Hulu’s Recommendation System

Following with the review of existing recommending systems in multimedia sites I have found through Marcos Merino the recomendation engine provide by HULU (it is an online video service that offers a selection of hit shows, clips, movies and more).

It brings together a large selection of videos from over 350 content companies, including FOX, NBCUniversal, ABC, The CW, Univision, Criterion, A&E Networks, Lionsgate, Endemol, MGM, MTV Networks, Comedy Central, National Geographic, Digital Rights Group, Paramount, Sony Pictures, Warner Bros., TED and more. (Hulu, About)

But, which is the underlying technology in Hulu?

Checking the technological blog they have spent a lot of effort to provide a great recommending engine in which they have decided to recommend shows to users instead of individual videos. Thus, contents can be organized due to same shows videos are usually closely related. As well as Netflix one of the drivers of the recommendation is the user behavior data (implicit and explicit feedback). The algorithm implemented in Hulu is based on a collaborative filtering approach (user or item based) but the most important part lies in Hulu’s architecture which is comprised of the next components:

  1. User profile builder
  2. Recommendation core
  3. Filtering
  4. Ranking
  5. Explanation
Besides they have an off-line system for data processing that supports aforementioned processes and it is based on a data center, a topic model, a related table generator, a feedback analyzer and a report generator. According to these components and processes they have been applied an item-based collaborative filtering algorithm to make recommendations. One of the keypoints to evaluate recommendations is “Novelty”:
Just because a recommendation system can accurately predict user behavior does not mean it produces a show that you want to recommend to an active user. (Hulu, Tech Blog)
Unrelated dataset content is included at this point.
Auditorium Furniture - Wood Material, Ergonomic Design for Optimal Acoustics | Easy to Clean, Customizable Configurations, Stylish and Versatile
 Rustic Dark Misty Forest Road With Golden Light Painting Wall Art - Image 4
Other key points of their approach lies in explanation-based diversity and temporal diversity. This situation demonstrates that existing problems of recommending information resources in different domains are always similar. Nevertheless, depending on the domain (user behavior, type of content, etc.) new metrics can emerge such as novelty. On the other hand, real time capabilities, off-line processing and performance are again key-enablers of a “good” recommendation engine apart from accuracy. Following some interesting lessons from Hulu’s experience are highlighted:

  • Explicit Feedback data is more important than implicit feedback data
  • Recent behaviors are much more important than old behaviors
  • Novelty, Diversity, and offline Accuracy are all important factors
  • Most researchers focus on improving offline accuracy, such as RMSE, precision/recall. However, recommendation systems that can accurately predict user behavior alone may not be a good enough for practical use. A good recommendation system should consider multiple factors together. In our system, after considering novelty and diversity, the CTR has improved by more than 10%. Please check this document out: “Automatic Generation of Recommendations from Data: A Multifaceted Survey” (a technical report from the School of Information Technology at Deakin | University Australia)
But, in which components or processes semantic technologies can help recommenders?
Taking into account the main drivers of the semantic web, the use of semantics can be part of some processes (Mining Data Semantics-MDS2012) such as:
  • Classification and prediction in heterogeneous networks
  • Pattern-analysis methods
  • Link mining and link prediction
  • Semantic search over heterogeneous networks
  • Mining with user interactions
  • Semantic mining with light-weight reasoning
  • Extending LOD and Quality of LOD disambiguation, identity, provenance, integration
  • Personalized mining in heterogeneous networks
  • Domain specific mining (e.g., Life Science and Health Care)
  • Collective intelligence mining
Finally, I will continue reviewing main recommendation services of large social networks (sort by name) such as Amazon, Facebook, Foursquare, Linkedin, Mendeley or Twitter to finally make a complete comparison according to different variables and features of the algorithms: feedback, real time, domain, user behavior, etc. After that my main objective will be make an implementation of a real use case in a distributed environment merging semantic technologies and recommendation algorithms to demonstrate if semantics can improve results (accuracy, etc.) of existing approaches.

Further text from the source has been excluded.